Is there somehow it can be fixed?

CodePudding user response：

Don't create two separate lists. You can get all <li/> elements, iterate over the results and call find_elements(...) on each element to query its children.

Something like this could work:

name_list = driver.find_elements_by_tag_name("li")

for n in name_list:
    child = n.find_elements_by_tag_name("b")
    // check if it is present, then do stuff

Check the Selenium docs for details.

(Also you are using for ... in incorrectly, it iterates over elements, not indeces)

CodePudding user response：

Here is a complete working example that shows how to get the price data:

from selenium import webdriver
from selenium.webdriver.common.keys import Keys
from selenium.webdriver.common.by import By
from selenium.common.exceptions import NoSuchElementException

driver = webdriver.Firefox()
driver.get("file:///Users/brian/pysel/test_data.html")

name_list = driver.find_elements(By.TAG_NAME, "li")
price_list = driver.find_elements(By.TAG_NAME, "b")

namePriceData = {}

for i, ele in enumerate(name_list):
    name = name_list[i]

    try:
        price = ele.find_element(By.TAG_NAME, "b")
    except NoSuchElementException as err:
        namePriceData[name.text] = ""
        continue
        
    namePriceData[name.text[:len(name.text) - len(price.text)]] = price.text

print(namePriceData)

driver.close()

We accomplish this by calling find_element on each of the li elements in name_list. This allows us to get a child of an element.

This test data is a little weird because we have to get the text of the parent element and then slice the child text off using the string lengths. If you encounter real data with a different node structure the strategy for how you find these elements on-page will change.

Also, please note:

The original code returned an error because it uses the n for the key you are attempting to index into the list of elements with.

---------------------------------------------------------------------------
TypeError                                 Traceback (most recent call last)
/var/folders/ct/tm9p5wz92dz4l60w9l503f780000gn/T/ipykernel_27037/104717083.py in <module>
      6 
      7 for n in name_list:
----> 8     name = name_list[n]
      9     price = price_list[n]

TypeError: list indices must be integers or slices, not WebElement

If you want to access an element in that way we need to iterate using an index instead of the actual value. In Python, we do this with enumerate.
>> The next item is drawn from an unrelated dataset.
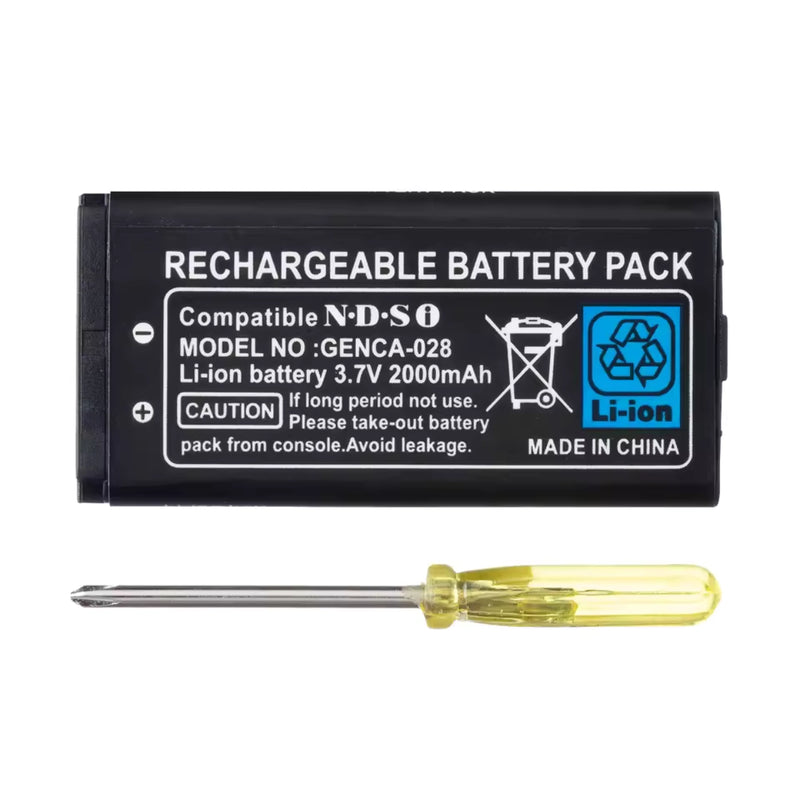 Kompatibelt Batteri til Nintendo DSi, 3.7V, 2000mAh Li-ion - DS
Using the length of one array to index into the other is wrong because of the index out of bound errors but also once we reach a value with a blank price it will actually be assigned the price of the next item that really has a price and the assigned values are incorrect from that point until we hit the index out of bounds error.

Instead, it would be better to iterate using the actual element and not an index:

from selenium import webdriver
from selenium.webdriver.common.keys import Keys
from selenium.webdriver.common.by import By
from selenium.common.exceptions import NoSuchElementException

driver = webdriver.Firefox()
driver.get("file:///Users/brian/pysel/test_data.html")

name_list = driver.find_elements(By.TAG_NAME, "li")
price_list = driver.find_elements(By.TAG_NAME, "b")

namePriceData = {}

for ele in name_list:
    try:
        price = ele.find_element(By.TAG_NAME, "b")
    except NoSuchElementException as err:
        namePriceData[ele.text] = ""
        continue
        
    namePriceData[ele.text[:len(ele.text) - len(price.text)]] = price.text

print(namePriceData)

driver.close()